If CA secedes the US federal government has as much a say in the land as a goat in Andorra does. Those lands will be owned by the new country.

You do realize that is exactly what South Carolina's attitude was toward Fort Sumter, don't you?
 
You do realize that is exactly what South Carolina's attitude was toward Fort Sumter, don't you?

The difference is Trumpworld and its inhabitants want CA to leave...well, until we do...

At least we'd be leaving for freedom not to maintain slavery.

And in few months, you'd be really wanting some fruits and nuts...
 
You do realize that is exactly what South Carolina's attitude was toward Fort Sumter, don't you?

Didn't this whole right to succeed thing get settled 150 years ago.
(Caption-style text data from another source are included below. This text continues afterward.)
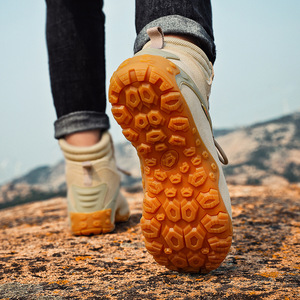 Bottes de randonnée légères unisexes pour l'extérieur, résistantes à l'usure, respirantes, imperméables, design camouflage, chaussures de randonnée en montagne - Product Image 2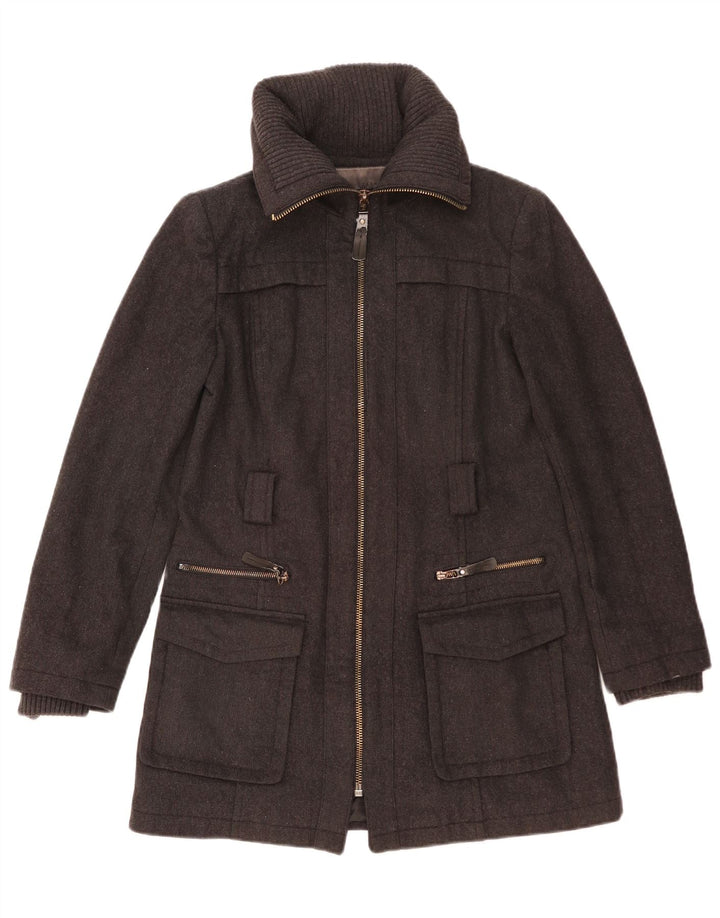 Γυναικείο παλτό ZARA UK 14 Large Grey Wool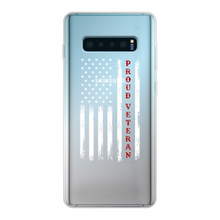 Load image into Gallery viewer, Proud Veteran Back Printed Transparent Soft Phone Case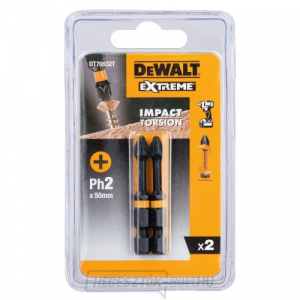 Ph2x50mm 2db DeWALT DT70532T torziós bit készlet Ph2x50mm DeWALT DT70532T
Ca leaves, war is hell/march to the sea, maybe carve out a small state west ca, occupy/reconstruction until new political reality takes hold.
 
Yep march across those deserts to get here. That should be easy to do. It's not like you'll be out in the open or that we wouldn't have drones to keep you away.

Oh yeah, we have nukes.
 
Yep march across those deserts to get here. That should be easy to do. It's not like you'll be out in the open or that we wouldn't have drones to keep you away.

Oh yeah, we have nukes.

Cpl Crotch Rot opines
 
Yep march across those deserts to get here. That should be easy to do. It's not like you'll be out in the open or that we wouldn't have drones to keep you away.

Oh yeah, we have nukes.

:rolleyes:
 
I am surprised that with the knowledge on the board no one has brought up the 1869 Supreme Court case that decided the issue of secession. I have read that some Unionists did not want the issue considered by the justices during the war because the ruling might be adverse to the war effort.
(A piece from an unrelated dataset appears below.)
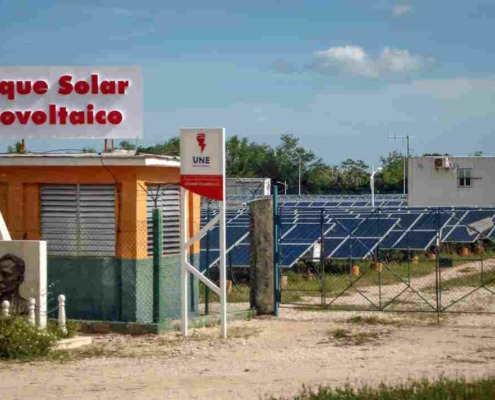 A punto de arrancar nuevo parque fotovoltaico en el centro del país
The resolution of the issue came in a roundabout due to a dispute over the sale of bonds by the Confederate government of Texas. Wikipedia has a good summation of that issue.

IIRC, the justices agreed unanimously that the Union could not be dissolved. Chief Justice Salmon P. Chase wrote the majority opinion and argued that the perpetual nature of the Union went back to the Articles of Confederaton. The dissenters argued with the majority view that the states had never left the Union and wanted the Congress to be able to administer the rebel states as conquered territories. In the view of many Radical Republicans, the rebels had committed "state suicide" and were under the jurisdiction of the national government. Of course, Lincoln never held to this view. Chase allowed that normal functions of the illegal governments, such as issuance of marriage licenses, were to be recognized due to their necessity, but all activities taken in furtherance of the war effort were null and void. As for the immediate issue, the bonds still belonged to the state of Texas because the sale was illegal.

https://en.wikipedia.org/wiki/Texas_v._White



The Union of the States never was a purely artificial and arbitrary relation. It began among the Colonies, and grew out of common origin, mutual sympathies, kindred principles, similar interests, and geographical relations. It was confirmed and strengthened by the necessities of war, and received definite form and character and sanction from the Articles of Confederation. By these, the Union was solemnly declared to "be perpetual." And when these Articles were found to be inadequate to the exigencies of the country, the Constitution was ordained "to form a more perfect Union." It is difficult to convey the idea of indissoluble unity more clearly than by these words. What can be indissoluble if a perpetual Union, made more perfect, is not?[7]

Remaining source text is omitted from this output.